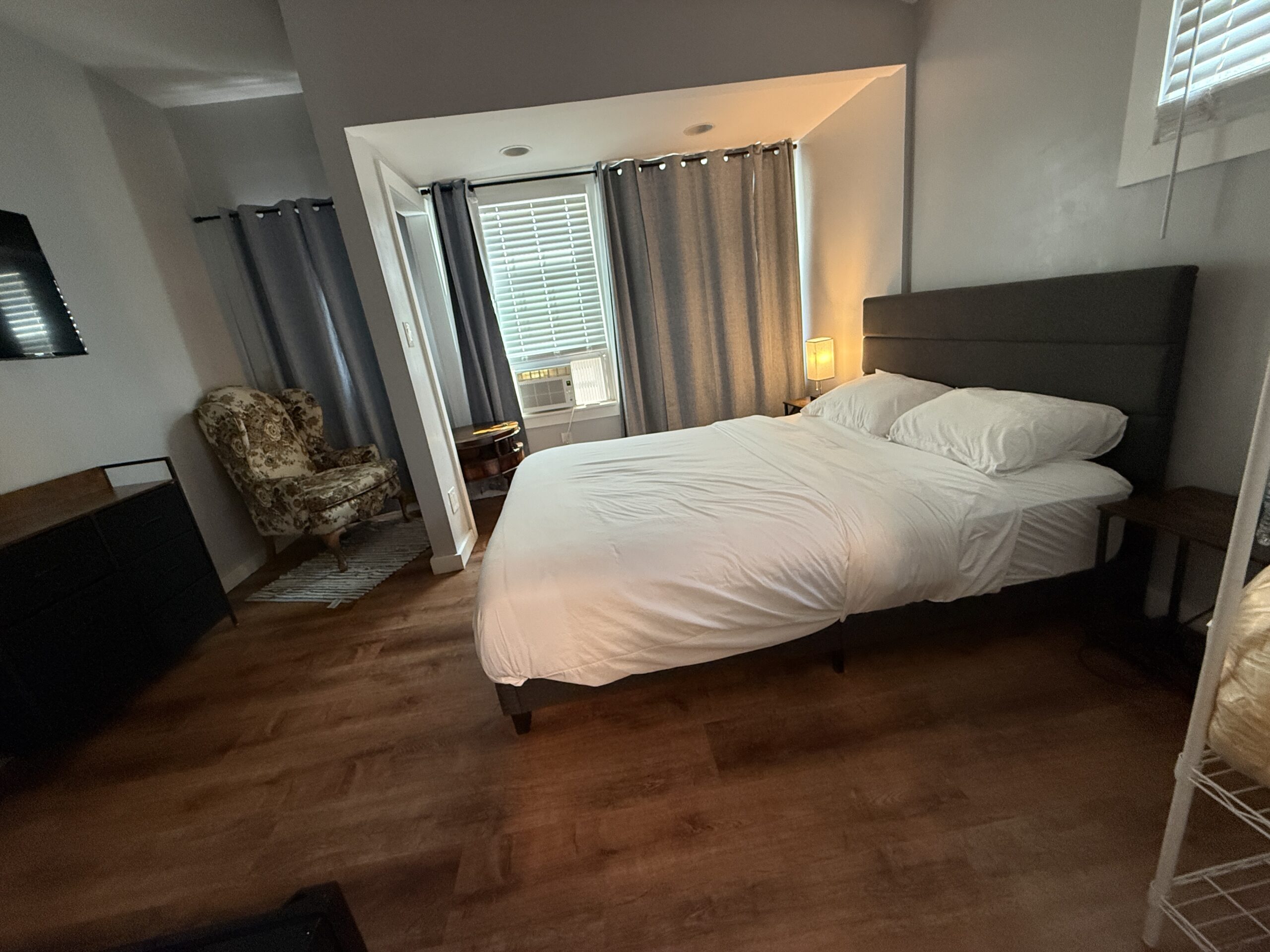 Fantastic Suite with Private bath near edgewater west side of Cleveland ohio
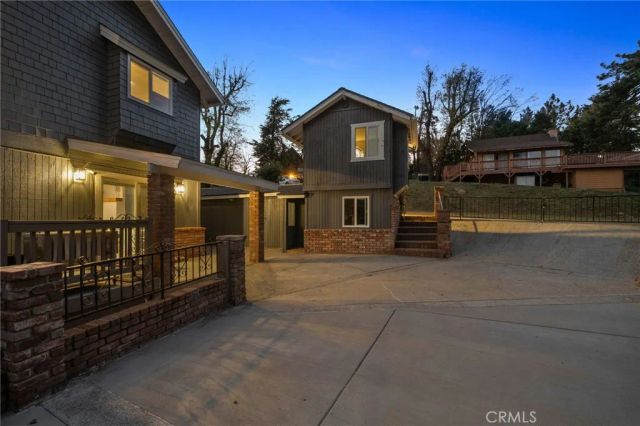 1015 Summit Drive, Crestline, CA 92325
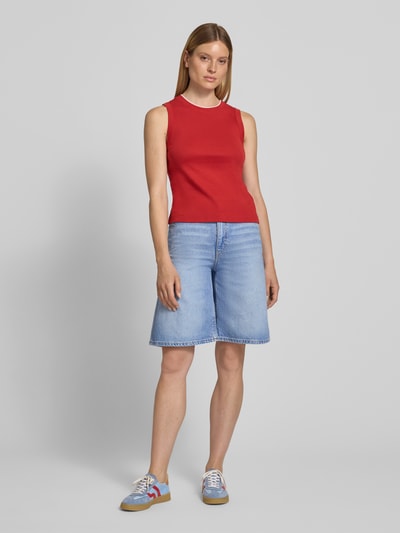 Frauenmodel trägt Tanktop aus Baumwolle mit Rundhalsausschnitt von JAKE*S STUDIO WOMAN in Rot, Regular-Fit, Reine Baumwolle, Rückenlänge bei Größe 38: 57 cm, Ganzkörperansicht von vorne.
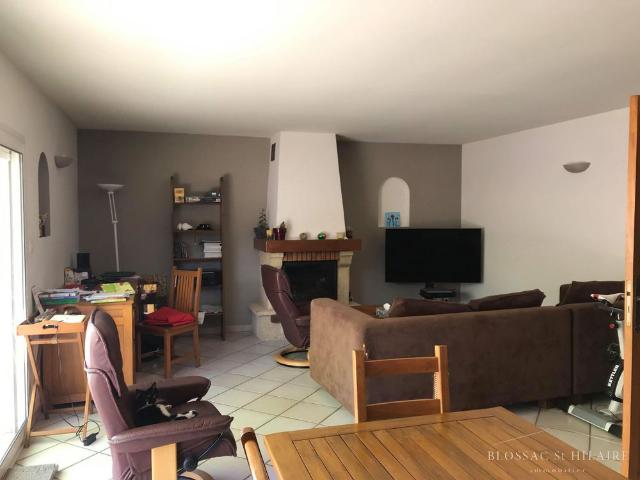 Location Maison 4 pièces 111m² POITIERS 86000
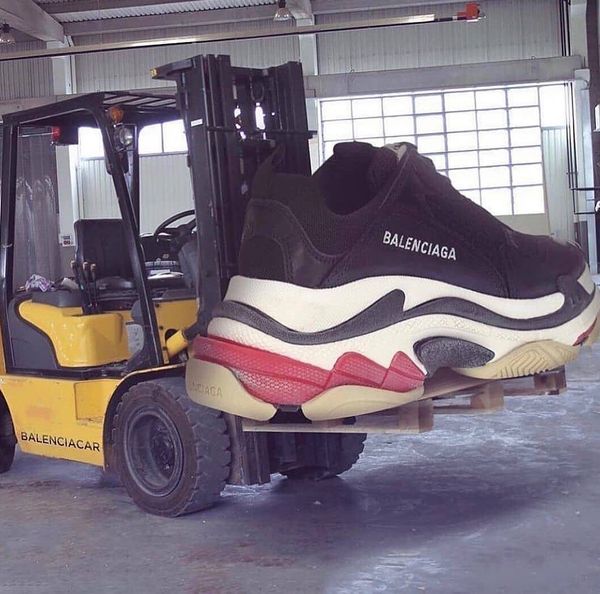 2020 мульти luxury balenciaga тройной s дизайнер низкий старый папа sneaker сочетание подошвы ботинок женщин людей способа ретро вскользь бо, Black
2020 мульти luxury balenciaga тройной s дизайнер низкий старый папа sneaker сочетание подошвы ботинок женщин людей способа ретро вскользь бо, Black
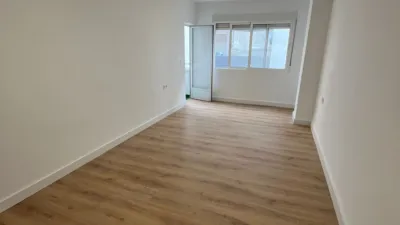 Piso en venta en Calle Maldonado, 50, Centro (Torrevieja) de 130.000 €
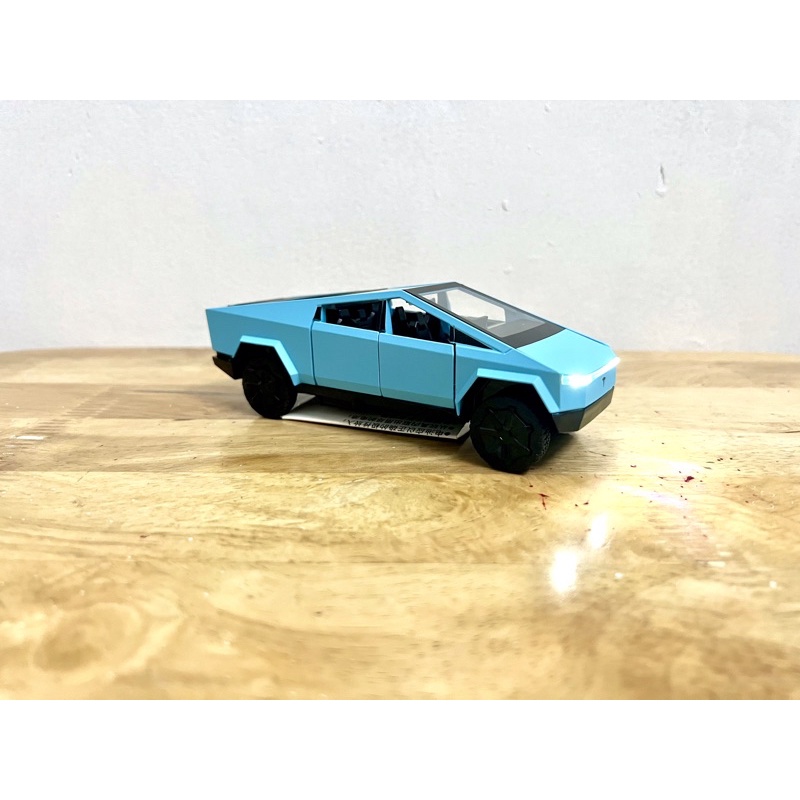 Mô hình xe tesla cyber truck _tỷ lệ 1:32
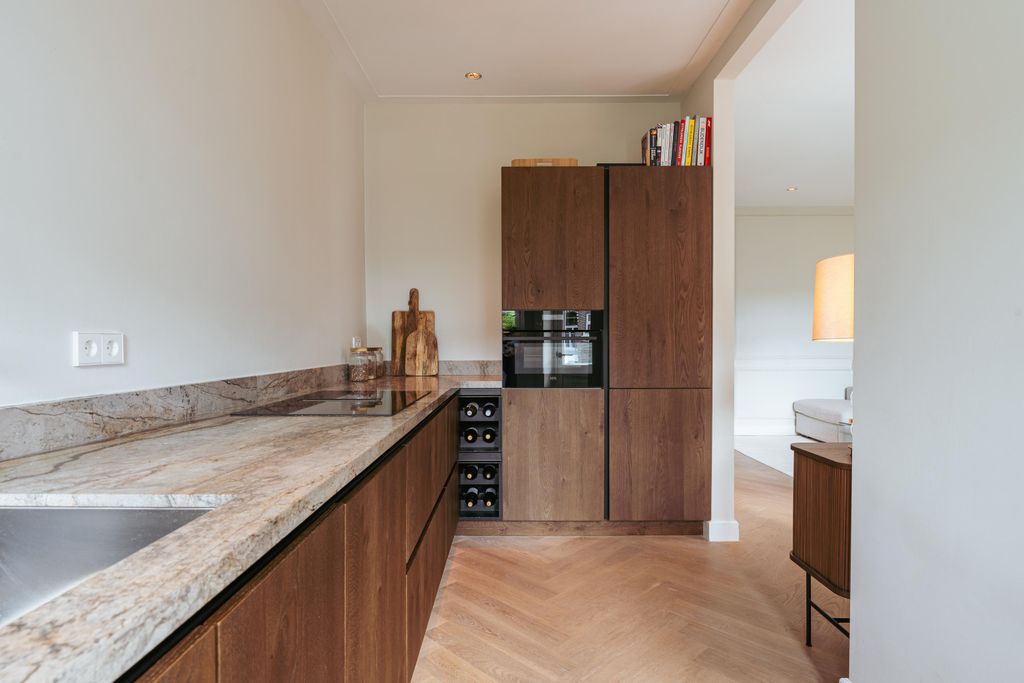 Property photo 2 of 41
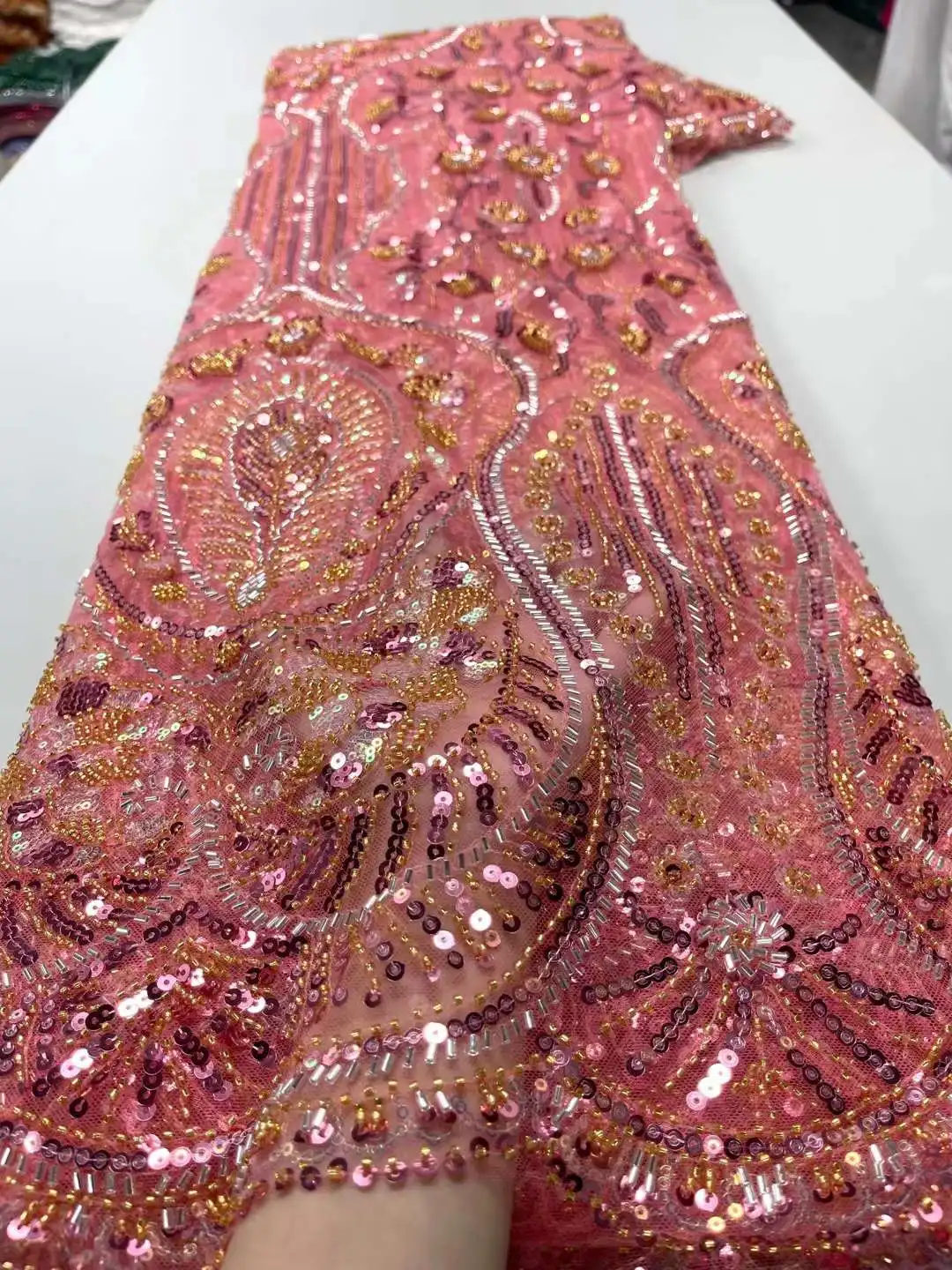 French Tulle Lace Fabric Sequins Beaded Groom Emroiderey African Mesh Lace Fabric High Quality Sequins Lace For Nigerian Wedding
French Tulle Lace Fabric Sequins Beaded Groom Emroiderey African Mesh Lace Fabric High Quality Sequins Lace For Nigerian Wedding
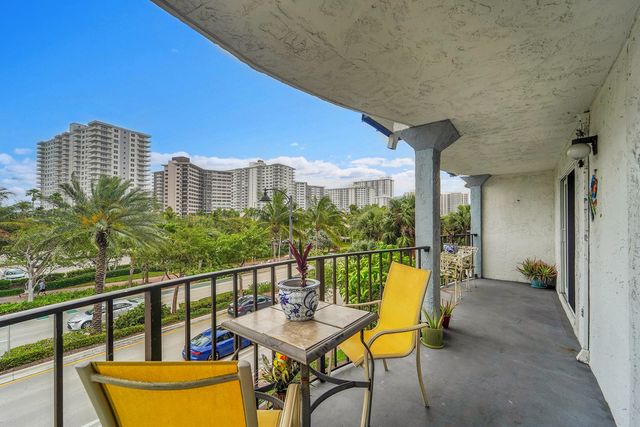 3909 N Ocean Boulevard 301, Fort Lauderdale, FL 33308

> _Your objective_
Would you repeat the material exactly, keeping out any pictures?

> _Result below_
 Fantastic Suite with Private bath near edgewater west side of Cleveland ohio
 1015 Summit Drive, Crestline, CA 92325
 Frauenmodel trägt Tanktop aus Baumwolle mit Rundhalsausschnitt von JAKE*S STUDIO WOMAN in Rot, Regular-Fit, Reine Baumwolle, Rückenlänge bei Größe 38: 57 cm, Ganzkörperansicht von vorne.
 Location Maison 4 pièces 111m² POITIERS 86000
 2020 мульти luxury balenciaga тройной s дизайнер низкий старый папа sneaker сочетание подошвы ботинок женщин людей способа ретро вскользь бо, Black
2020 мульти luxury balenciaga тройной s дизайнер низкий старый папа sneaker сочетание подошвы ботинок женщин людей способа ретро вскользь бо, Black
 Piso en venta en Calle Maldonado, 50, Centro (Torrevieja) de 130.000 €
 Mô hình xe tesla cyber truck _tỷ lệ 1:32
 Property photo 2 of 41
 French Tulle Lace Fabric Sequins Beaded Groom Emroiderey African Mesh Lace Fabric High Quality Sequins Lace For Nigerian Wedding
French Tulle Lace Fabric Sequins Beaded Groom Emroiderey African Mesh Lace Fabric High Quality Sequins Lace For Nigerian Wedding
 3909 N Ocean Boulevard 301, Fort Lauderdale, FL 33308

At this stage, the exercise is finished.